Status
Current state: Under Discussion
Discussion thread: here
JIRA: here
Please keep the discussion on the mailing list rather than commenting on the wiki (wiki discussions get unwieldy fast).
Motivation
Kafka can be used in a stream processing pipeline to pass intermediate data between processing jobs. The amount of intermediate data generated from stream processing jobs can taken a large amount of disk space in the Kafka. It is important that we can delete this data soon after it is consumed by downstream application, otherwise we have to pay significant cost to purchase disks for Kafka clusters to keep those data.
However, Kafka doesn’t provide any mechanism to delete data after data is consumed by downstream jobs.

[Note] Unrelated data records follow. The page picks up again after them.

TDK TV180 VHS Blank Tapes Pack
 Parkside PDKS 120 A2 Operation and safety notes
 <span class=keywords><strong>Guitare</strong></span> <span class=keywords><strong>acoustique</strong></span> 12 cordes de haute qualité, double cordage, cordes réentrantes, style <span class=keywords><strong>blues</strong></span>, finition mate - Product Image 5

It provides only time-based and size-based log retention policy, both of which are agnostic to consumer’s behavior. If we set small time-based log retention for intermediate data, the data may be deleted even before it is consumed by downstream jobs. If we set large time-based log retention, the data will take large amount of disk space for a long time. Neither solution is good for Kafka users. To address this problem, we propose to add a new admin API which can be called by user to purge data that is no longer needed.
Note that this KIP is related to and overwrites KIP-47.
Public Interfaces
1) Java API
- Add the following API in Admin Client. This API returns a future object whose result will be available within RequestTimeoutMs, which is configured when user constructs the AdminClient.
Future<Map<TopicPartition, PurgeDataResult>> purgeDataBefore(Map<TopicPartition, Long> offsetForPartition)
- PurgeDataResult has the following two fields, which tells user if the data has been successfully purged for the corresponding partition.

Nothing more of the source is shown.